6.5 The Respondent’s reference to the scope of the Complainant’s Canadian, as opposed to US, registered trademarks is similarly misconceived. All a complainant need do under the Policy is to identify trademark rights recognised in a particular jurisdiction in respect of which the domain name is said to be identical or confusingly similar. That is not to say the fact that a Complainant does or does not have trademark rights in the jurisdiction in which a Respondent is located, is necessarily irrelevant in UDRP proceedings. There may be cases where that fact is important in the assessment of the existence of rights or legitimate interest and/or registration and use in bad faith. However, it is not relevant in a case such as this when assessing whether a complainant has satisfied paragraph 4(a)(i) of the Policy.

B. Rights or Legitimate Interests

6.6 The Complainant contends in the Complaint that because it has demonstrated its right and interest in the Domain Name, by virtue of its lawful trademarks, the burden rests with the Respondent to show that he has a right or legitimate interest in the Domain Name. This is simply not correct. If it were, a complainant would need to do nothing more under this heading than refer to his registered trademark.

6.7 However, the Complainant then goes on to make a series of assertions essentially to the effect that the Respondent does not have registered rights, is not authorised by the Complainant and that none of the circumstances set out in paragraph 4(c) of the Policy are satisfied. Paragraph 4(c) of the Policy sets out a non-exhaustive list of circumstances that if shown by a respondent will demonstrate rights or a legitimate interest.

6.8 What the Complainant has done here is a common approach in complaints. Whilst, a complainant bears the burden of proof of each element of paragraph 4(a) of the Policy, the concern is that in the case of the requirement of no legitimate rights or interests, it is essentially being asked to prove a negative. Therefore, by making the assertions described, a complainant hopes to make out a prima facie case under this heading so that the burden of proof will then effectively pass to the respondent.

6.9 However, the Respondent does in this case provide an explanation as to why he registered the Domain Names. He claims to have registered Domain Names comprising a combination of “generic” words for use in connection with a business to which those words relate. This is said to be done without any knowledge of the Complainant’s interest in the SERVICEMASTER name, and without any intention to trade off the Complainant’s goodwill in that name. In essence, therefore, whether or not the Respondent has a legitimate right of interest in this case depends upon whether the Panel accepts the Respondent’s assertions in this respect.
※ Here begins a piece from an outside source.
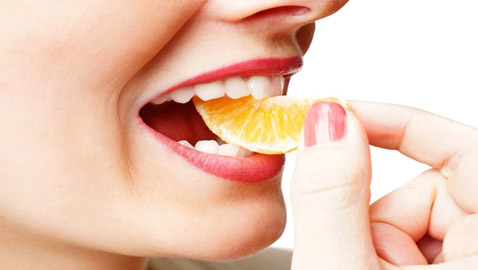 10 أطعمة ومشروبات خارقة مفيدة لصحة الأسنان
As the Panel explains in detail under the heading Bad Faith below, it does not. In the circumstances, the Panel finds that the Complainant has made out its case under paragraph 4(a)(ii) of the Policy.

C. Registered and Used in Bad Faith

6.10 There is a fundamental dispute of fact between the parties that goes to the heart of whether or not the registration and use of the Domain Names was in bad faith. That is, to what extent the Respondent was aware of the Complainant and its business at the time that it registered the Domain Names.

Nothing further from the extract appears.